Community Rabbi Corner, May 24, 2019

Rabbi David Greenstein
Congregation Shomrei Emunah
Montclair, NJ
Parashat Behar

As we reach the end of the book of Leviticus we read about many of the elements that comprise the vision of holiness that is the central concern of this book. The last portion, B’huqotai, is largely devoted to setting up a contrast between what might be if we pursue this vision of holiness and what might ensue if we betray it.
It includes God’s statement: “I am the Eternal, your Almighty God, Who took you out of the land of Egypt so as to stop you from being slaves to them; so I smashed the rods of your yoke and I had you walk upright (va-olekh etkhem qom’miut ).” (Lev. 26:13)
This verse tells us that God’s desire is for us to “walk” with dignity – that is, to be able to lead lives of freedom so that we may realize our full human potential. The phrase - va-olekh etkhem qom’miut - is echoed in our daily prayers. In the blessing that leads into the Sh’ma, we have been praying for 2000 years that God “shall have us walk back to our land in dignity.”

The dream of the Return to Zion has been a dream of the restoration of dignity and pride to the Jewish people. It is important to note that this dream has been miraculously fulfilled in our time with the establishment of the State of Israel. We need to celebrate this miracle! But we must also be honest about the conditions that the Torah puts forward regarding the fulfillment of this dream. In the Masorti (Conservative) prayer book in Israel the text of this prayer is changed to read – v’tolikhenu qom’miut b’artzenu – that God “shall have us walk in our land in dignity.”

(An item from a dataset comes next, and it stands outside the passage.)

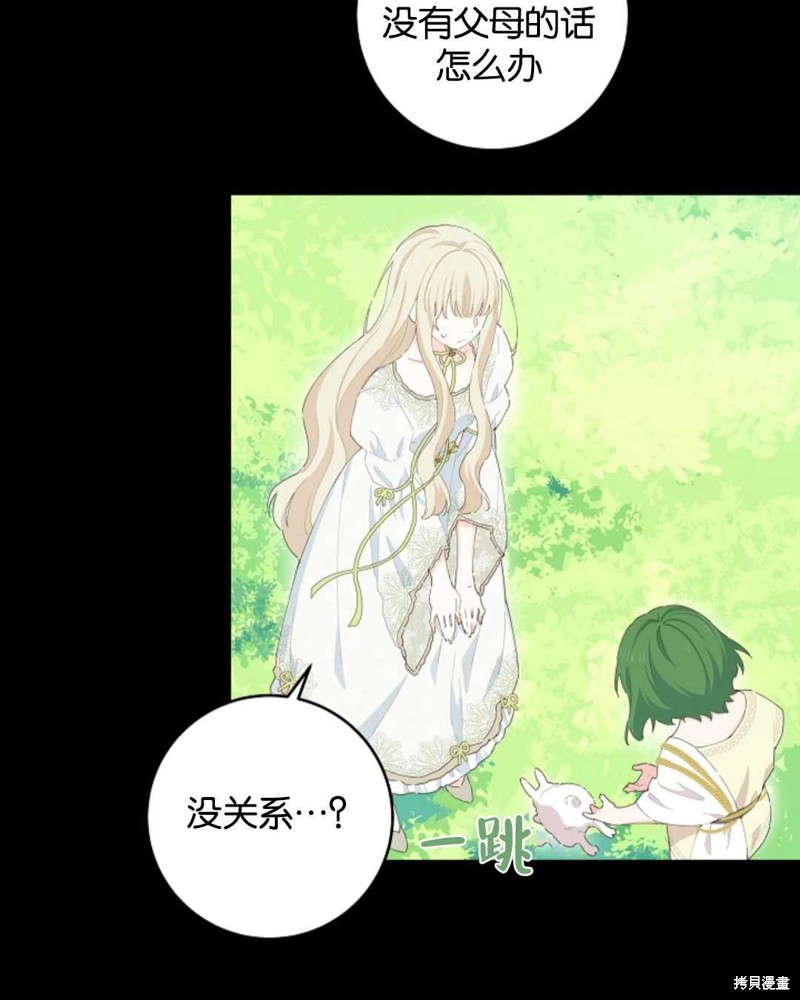 没有健康 第31话 第42页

In other words, for those of us blessed with the opportunity to be living in Israel already, we pray that our walking the land shall be in dignity.
How can we hope to walk the land – any land, whether it is the United States or Israel or anywhere else - in dignity? Human dignity is not a zero sum game. My dignity cannot be gained by depriving someone else of dignity. The Torah teaches that our dignity depends on treating everyone with dignity. And the Torah’s teaching is that our dignity depends, not on military might or nationalistic arrogance, but on our concern for the ethical and spiritual demands of holiness.